The neighbor across the landing buzzes us in. To get into the apartment, first one must unlock a gate that leads onto an L-shaped terrace in a courtyard. The neighbor has a key to the gate, but nothing more. Glass french doors with interior shutters lead from the terrace into the kitchen, dining room, and my room. Since both the glass exterior doors and the interior shutters swing in, it is impossible to lock the wooden doors from the outside. On the kitchen doorway, one glass door is removed and this wooden door is the one we lock when we go out. We've left the other wooden shutters open (good thing or else this would have been much worse), but all the french doors are fastened shut. Now we have to decide which original-to-the-house pane of glass to break in order to reach the mechanism that will release the door's latch. The neighbor brings a hammer, chooses carefully, breaks pane, and we are in.

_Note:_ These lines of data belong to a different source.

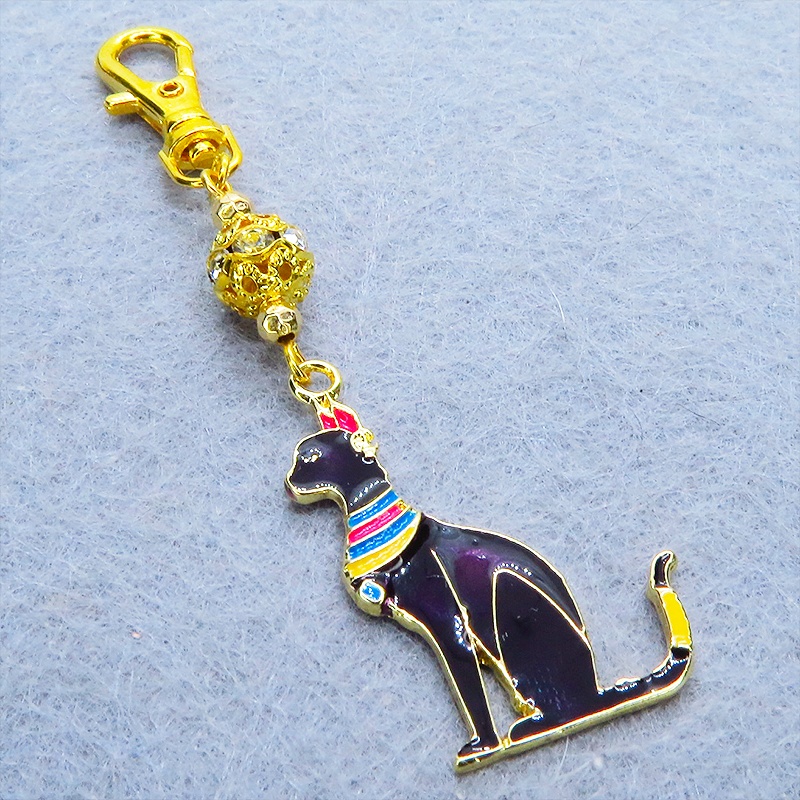 古代エジプトの猫の神様バステトのキーホルダー  黒猫 エナメル ゴールドカラービーズ 金具変更可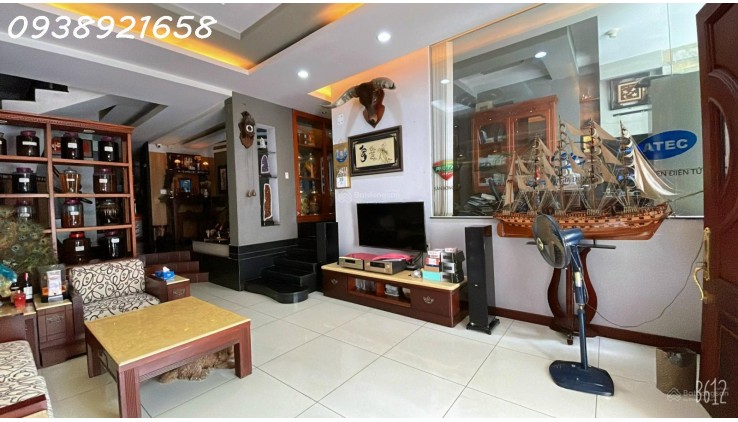*Bán Nhà Phố Trần Nhân Tôn Quận 10, 6 Tầng (4.1/17m), Sổ vuông Đẹp,  Hoàn Công Đủ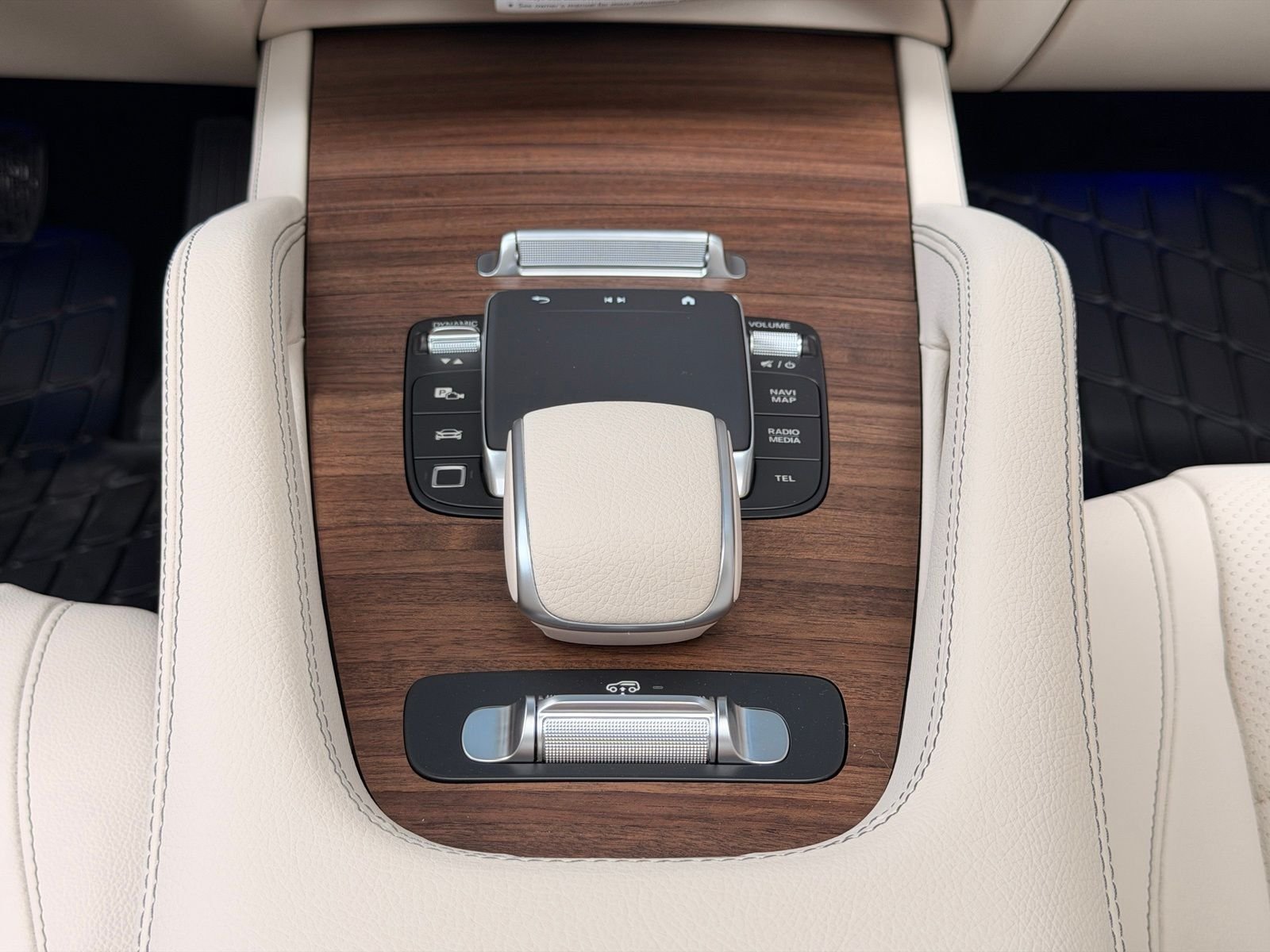New 2026 Polar White Mercedes-Benz GLS 450 image 19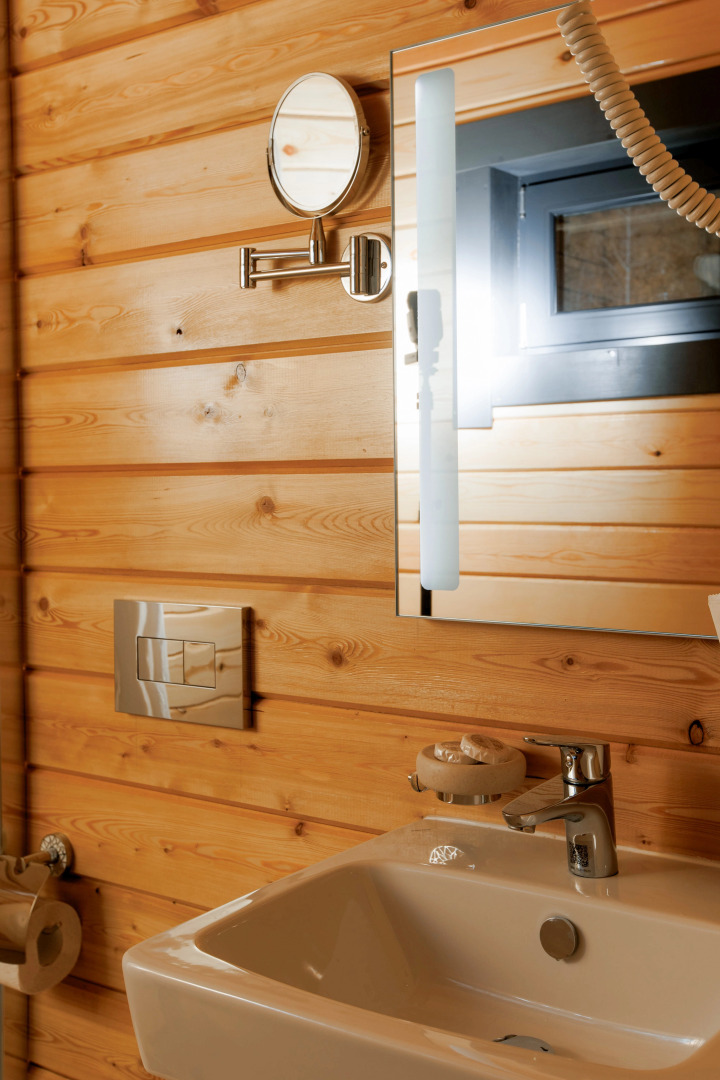 Отель Ayat River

We take a close look at the front door lock, which looks like it can be easily removed from the inside. The trick will be to find someone who has a replacement lock of the same aged style and will actually show up and do the job in two days before we must leave. R decides to go to her meeting. I had intended to visit Old Molfetta during her meeting, but somehow don't feel like walking its narrow, darkening streets by myself. Instead I walk the straight main streets with a purpose, a little on edge, a little suspicious, trying to clear my mind of this unsettling day. I've lived in NYC for thirty years and have never had an experience like today. I return to Via Amedeo and soon R returns as well, full of odd stories about fixing the roof and people's reluctance NOT to pay under the table. We have a quick dinner of beef cutlets, salad with fresh fennel, and fruit. Then we chat about everything and nothing, emptying our brains and adjusting our tomorrow's plans to include banks and locksmiths.